▶ _YOUR INSTRUCTIONS_:
Look in the data below for the line that has "Rojo colorido + fondo negro", then print exactly every line from there through the line that has "Vaporwave sky 1", leaving pictures out.

▶ _THE INPUT_:
════

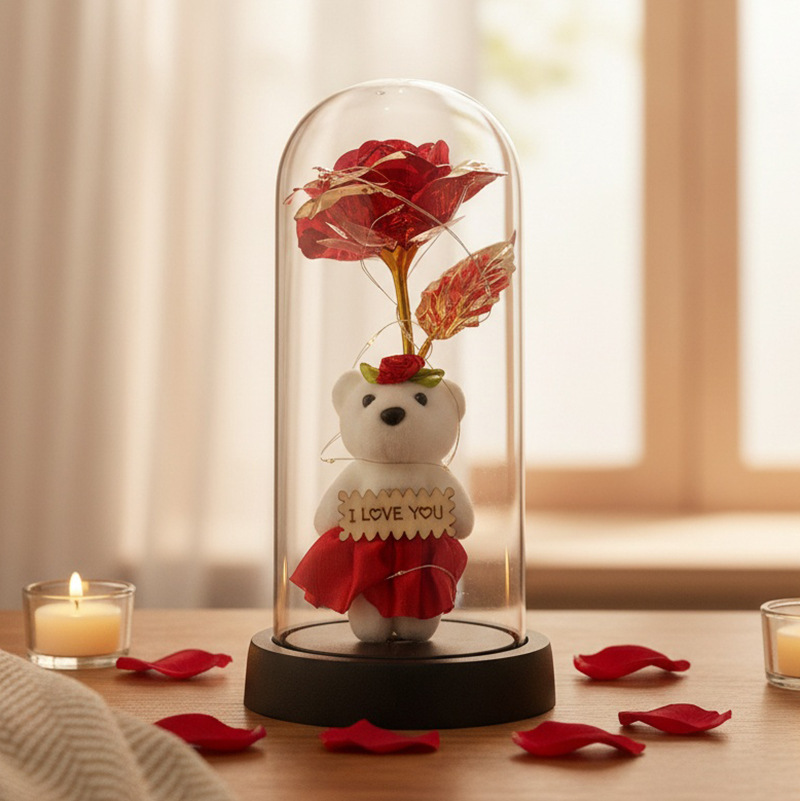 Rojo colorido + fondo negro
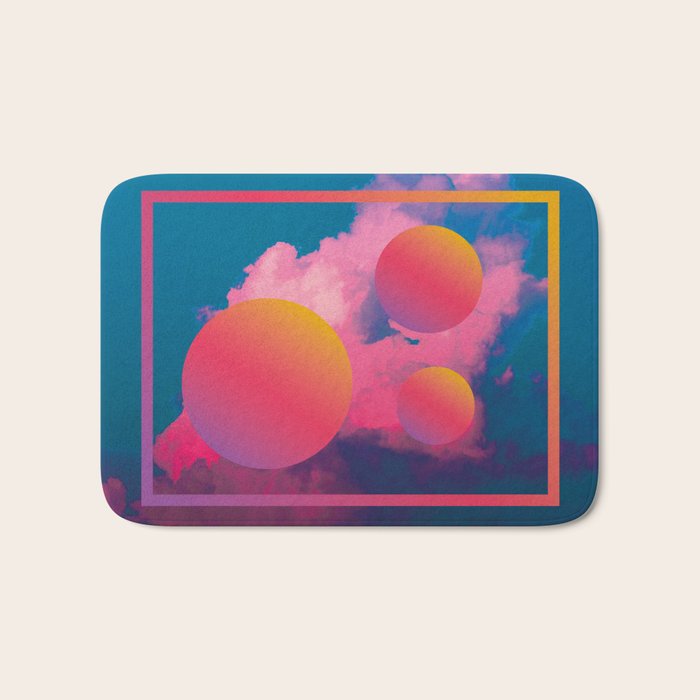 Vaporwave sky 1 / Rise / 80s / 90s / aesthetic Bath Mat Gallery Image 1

════

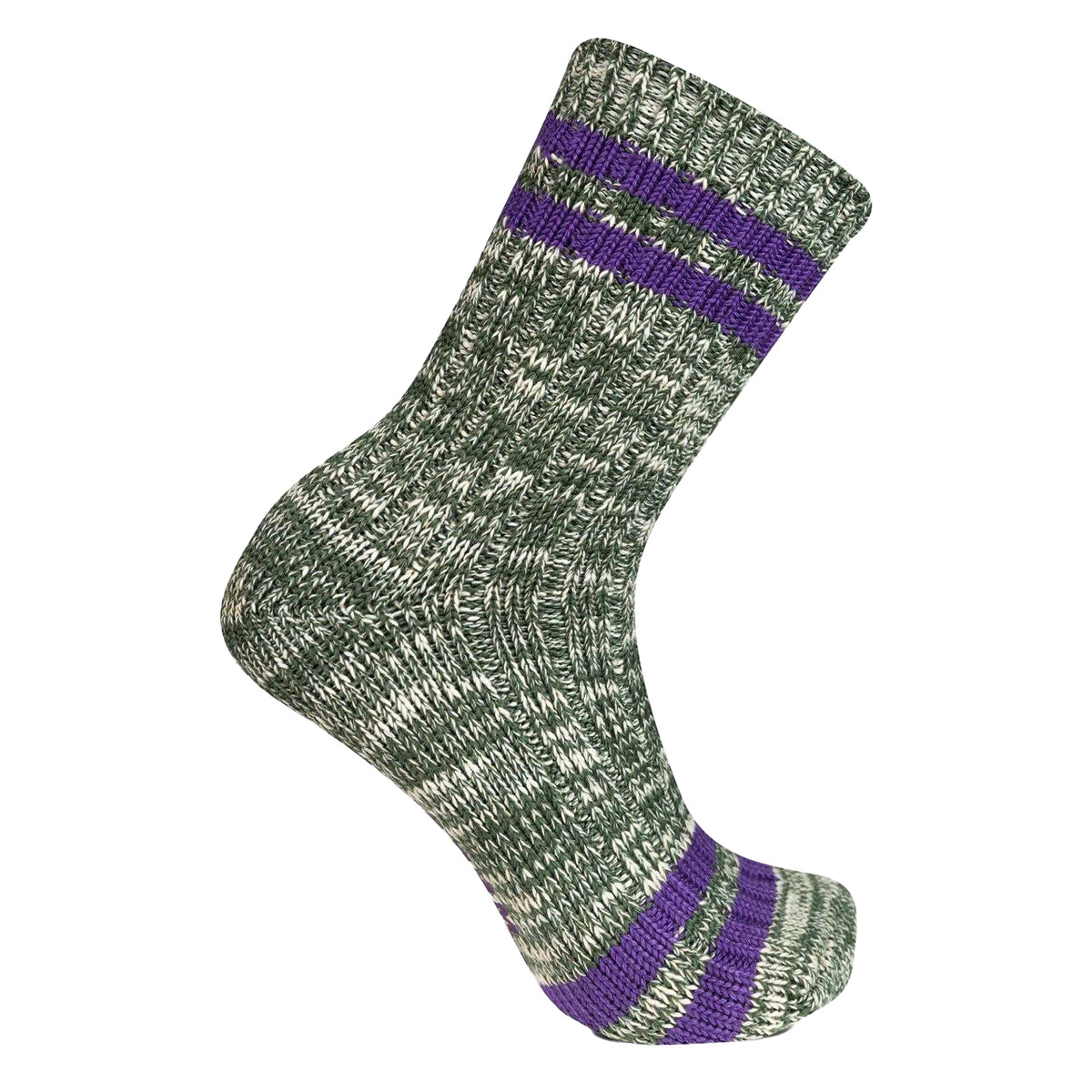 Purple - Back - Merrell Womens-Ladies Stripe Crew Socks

════

▶ _RESULT FOR THIS EXERCISE_:
 Rojo colorido + fondo negro
 Vaporwave sky 1 / Rise / 80s / 90s / aesthetic Bath Mat Gallery Image 1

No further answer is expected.